The Classic Comedy team collection offers viewers a chance to see three of the all-time best comedy teams in action: the Three Stooges, Laurel and Hardy, and Abbott and Costello. The films, rather than being public domain works, are rare films that were made by MGM. This is particularly notable for Abbott and Costello as most of their pictures were made with Universal.
The Three Stooges discs offer two films, Gold Raiders, and Meet the Baron. Both films are obscure. Gold Raiders is an extremely low budget 1951 Western notable for being the only film made with Shemp, but unremarkable otherwise. Meet the Baron (1933) is an interesting film for fans of 1930s entertainment as you get some great performers all in one film, including Edna May Oliver, Jimmy Durante, and Zasu Pitts, who all had pretty good performances elsewhere. In fact, the Stooges barely feature. This is a film where the whole is far less than the sum of it’s part as it falls short under the weight of weak writing, as do many of the all-star comedies of that era.
Laurel and Hardy were past their prime but I found both of their war time films to be entertaining. Air Raid Wardens (1943) finds them taking on volunteer war work in an effort to help the country.
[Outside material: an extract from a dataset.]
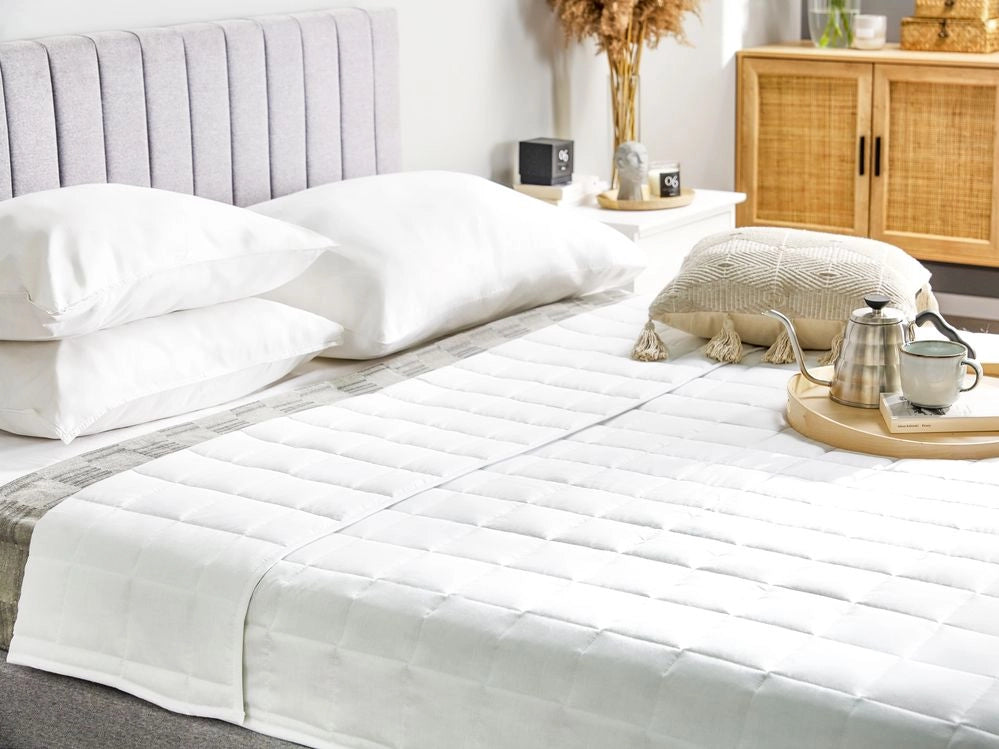 Piumino in misto poliestere bianco misura unica 220 x 240 cm imbottitura leggera trapuntata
It’s not only patriotic, but it was so hilarious, when I watched it while giving blood, it ended the donation because I was laughing so hard, the needle moved, so consider yourself warned. Nothing But Trouble (1944) offers a nice contrast between the Depression and World War II with Laurel and Hardy’s butler/cook team having left America in the 1930s when jobs were scarce and returning in the middle of war when demand for any job was high. The story features political intrigue and they find themselves in the middle of a plot to kill a pro-Democracy, football-loving teenage king. It’s not quite as good as Air Raid Wardens, but it’s funny and charming in its own right.
Abbott and Costello are the only duo to be at the height of their popularity and talent in this collection. Lost in a Harem (1944) finds them as magicians helping an Arabian prince regain his throne, and then, Abbott and Costello in Hollywood has them playing barbers who end up playing agent for a young star who is hated by a stuck up and egotistical actor determined to stay on top at all costs. Both films are great comedies with some classic sketches and I think they do a better job of balancing the pair vs. the romantic story line involving other actors, something Universal struggled with. Of the two, I like Abbott and Costello in Hollywood the best. The film has hilarious madcap sequences, such as when Costello pretends to be a dummy on a movie studio set. For fans of old films, there are brief appearances by Lucille Ball, Mike Mazurki, and Rags Ragland, with Carleton Young making a very good villain.
Overall, this is an enjoyable DVD set. While the Stooges films are more curiosities, the Laurel and Hardy and Abbott and Costello installments are delightful wartime entertainment.